Are prepared for the cost? It is very easy to spend £400 making a £100 bike. That may not matter to you.
This, many times over. I have just finished building a nice steel lightweight frame into a basic 5-speed road bike, and I dread to think how much it has cost me, compared to buying a complete s/h bike or even walking into a bike shop and buying a new one. And I was using the cheapest parts possible. To anyone other than me, it is worth buttons, of course. But I enjoyed the process and learned a lot on the way, so it's all good.
The other point is that it's actually harder than it looks. Like you, I have done a lot of maintenance and repair on bikes and thought I knew my way around, but I was always working on an existing setup that worked, usually as it came from the factory. BB length, rear wheel dish, rear axle length, derailleur capacity, chainline, all were worked out by someone else and built into a complete working bike. If you start with a frame, you have to work all this out for yourself, and it needs a fair bit of research. You could end up spending a lot of money in trial and error. I would recommend the Sheldon Brown website as a starting point, and there is a lot of expertise on this forum. My original plan was for a flip-flop fixie/singlespeed, but in the end I caved in and went for a simple geared setup. My frame has 130 mm OLD and it's near impossible to buy a wheel with a flip-flop hub in that size (I can't afford to have one custom built). I didn't want to cold set the frame (too nice and I wanted it to stay fairly original) and all the other options for getting a good chainline were bodges to some extent.

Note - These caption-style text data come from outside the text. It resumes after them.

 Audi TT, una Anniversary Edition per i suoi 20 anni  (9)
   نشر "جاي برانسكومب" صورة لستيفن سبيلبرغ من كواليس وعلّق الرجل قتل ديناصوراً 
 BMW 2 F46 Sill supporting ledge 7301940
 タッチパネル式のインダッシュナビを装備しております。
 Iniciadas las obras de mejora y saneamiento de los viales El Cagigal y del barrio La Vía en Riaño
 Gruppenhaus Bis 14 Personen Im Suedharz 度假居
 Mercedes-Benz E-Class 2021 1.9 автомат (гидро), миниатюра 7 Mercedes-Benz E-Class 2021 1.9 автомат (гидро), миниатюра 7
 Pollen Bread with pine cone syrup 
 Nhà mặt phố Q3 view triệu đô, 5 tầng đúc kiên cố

You can buy a flip-flop fixie/singlespeed on
eBay for under £200 brand new. It won't be great quality I would imagine, but if your urge for a fixie is just an itch, it might be worth trying that first. It will be cheaper than making your own, I guarantee it. I may well get myself on of these in the New Year as a present to myself, and get my fixie fix that way.

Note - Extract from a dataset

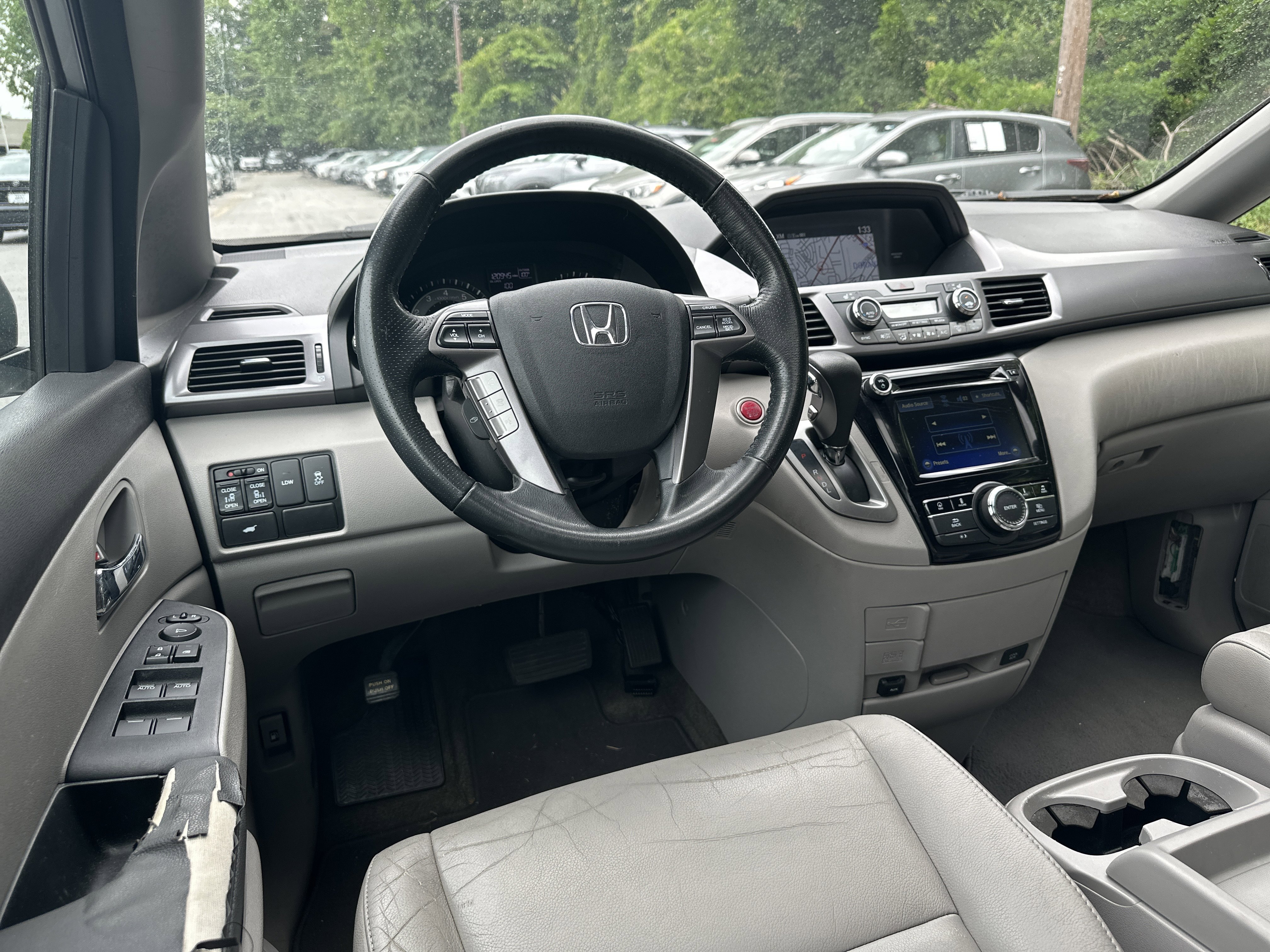 Used 2014 Alabaster Silver Metallic Honda EX-L image 28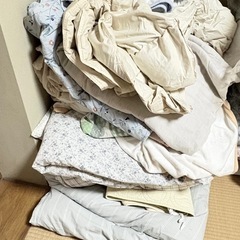 【浦安市発　直接取り引きのみ】布団 枕 シーツカバー 寝具の画像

Also, as someone who grew up in Yorkshire, an Ellis-Briggs frame was the height of my adolescent fantasies. They are very, very good road and touring frames and rightly make a lot of money in good condition. The thought of anyone chopping one around to make something different makes me want to weep. You wouldn't buy a classic Jag with an idea of turning into an off-roader
Have a good think before committing yourself.